### TASK DETAILS
For this listing, reproduce the line with "klamottn.de Wunderwerk der", the line with "multicanais canal viva", and the lines between, exactly as they stand. Leave out pictures and all other lines.
------------------------------------------------------------
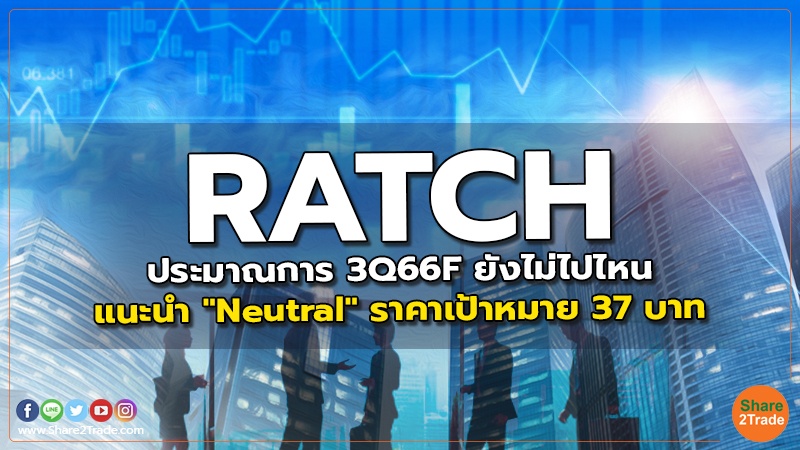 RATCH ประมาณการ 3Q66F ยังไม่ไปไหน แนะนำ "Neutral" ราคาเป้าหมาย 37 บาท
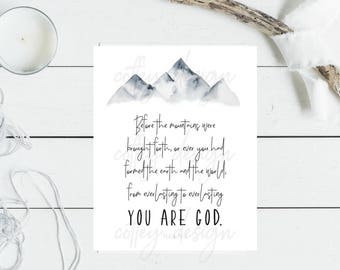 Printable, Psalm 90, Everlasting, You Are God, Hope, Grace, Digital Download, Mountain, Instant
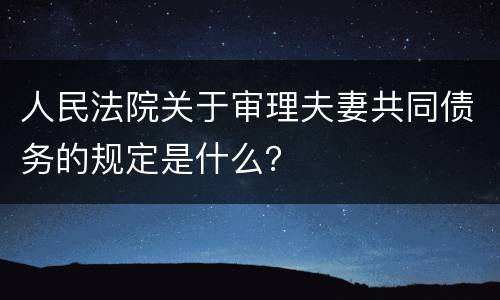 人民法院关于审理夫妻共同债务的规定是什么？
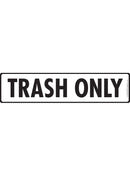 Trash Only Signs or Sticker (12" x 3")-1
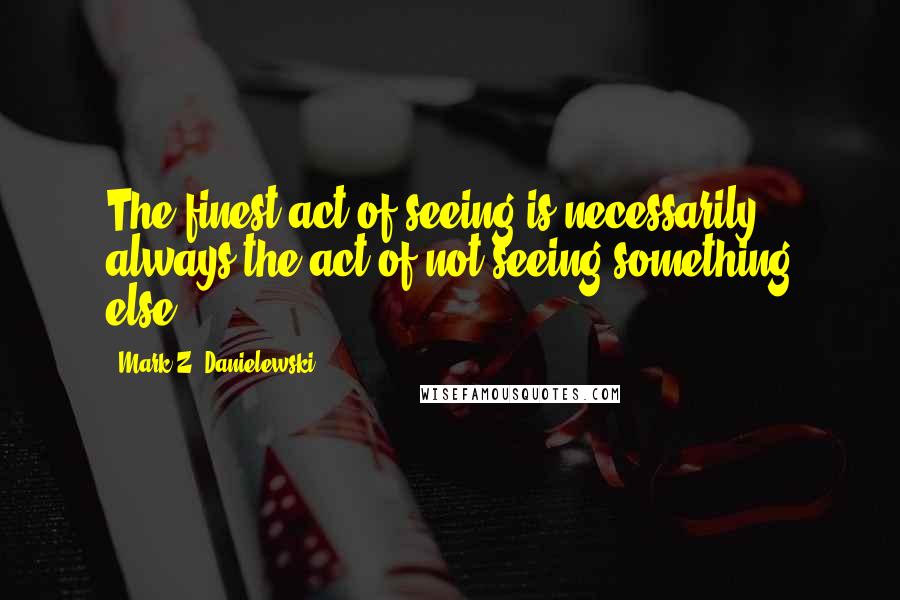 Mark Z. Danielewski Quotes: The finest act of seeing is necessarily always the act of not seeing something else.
------------------------------------------------------------
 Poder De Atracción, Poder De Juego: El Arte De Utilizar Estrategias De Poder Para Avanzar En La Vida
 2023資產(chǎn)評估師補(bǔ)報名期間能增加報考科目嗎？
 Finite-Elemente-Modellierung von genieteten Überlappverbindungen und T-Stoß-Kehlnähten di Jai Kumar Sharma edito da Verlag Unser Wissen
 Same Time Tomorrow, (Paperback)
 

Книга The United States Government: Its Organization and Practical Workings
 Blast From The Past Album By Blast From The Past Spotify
------------------------------------------------------------
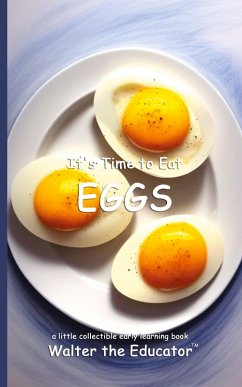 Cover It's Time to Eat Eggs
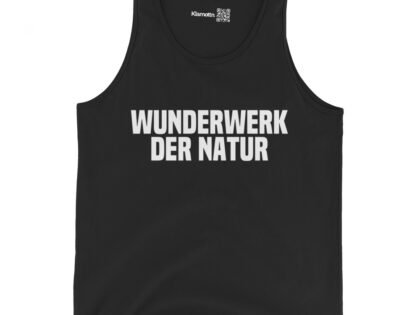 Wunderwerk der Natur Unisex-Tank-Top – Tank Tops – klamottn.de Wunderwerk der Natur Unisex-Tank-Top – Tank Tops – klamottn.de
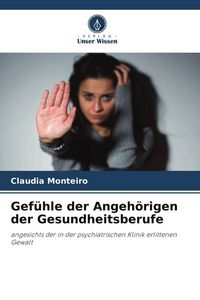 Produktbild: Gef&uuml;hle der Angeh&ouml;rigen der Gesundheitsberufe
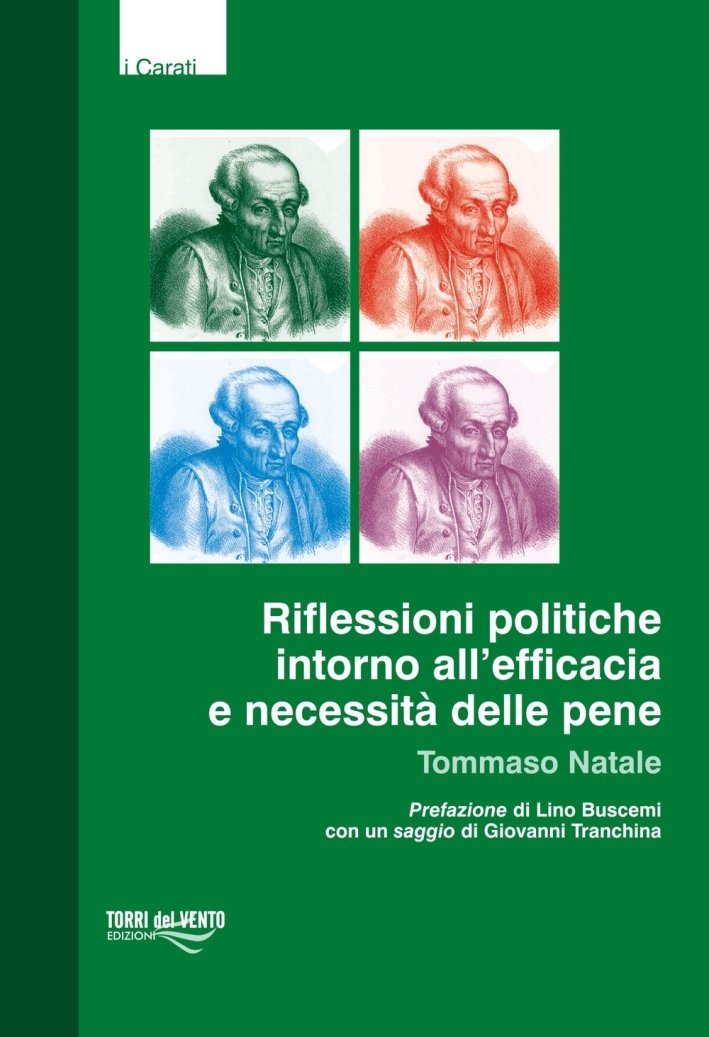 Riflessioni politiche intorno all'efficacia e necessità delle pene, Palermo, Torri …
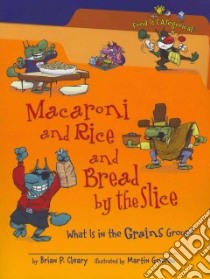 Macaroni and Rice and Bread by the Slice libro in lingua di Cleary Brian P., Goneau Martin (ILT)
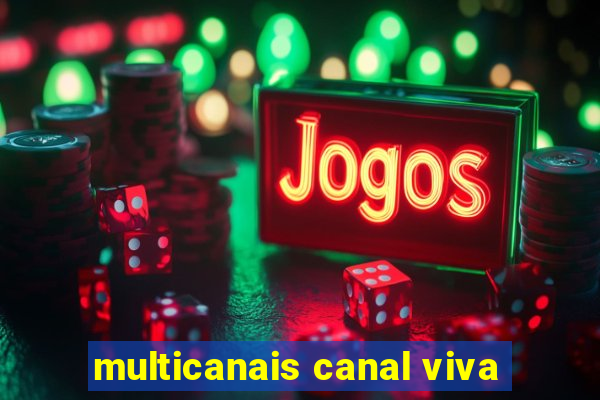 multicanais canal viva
------------------------------------------------------------
### ANSWER SPACE
 Wunderwerk der Natur Unisex-Tank-Top – Tank Tops – klamottn.de Wunderwerk der Natur Unisex-Tank-Top – Tank Tops – klamottn.de
 Produktbild: Gef&uuml;hle der Angeh&ouml;rigen der Gesundheitsberufe
 Riflessioni politiche intorno all'efficacia e necessità delle pene, Palermo, Torri …
 Macaroni and Rice and Bread by the Slice libro in lingua di Cleary Brian P., Goneau Martin (ILT)
 multicanais canal viva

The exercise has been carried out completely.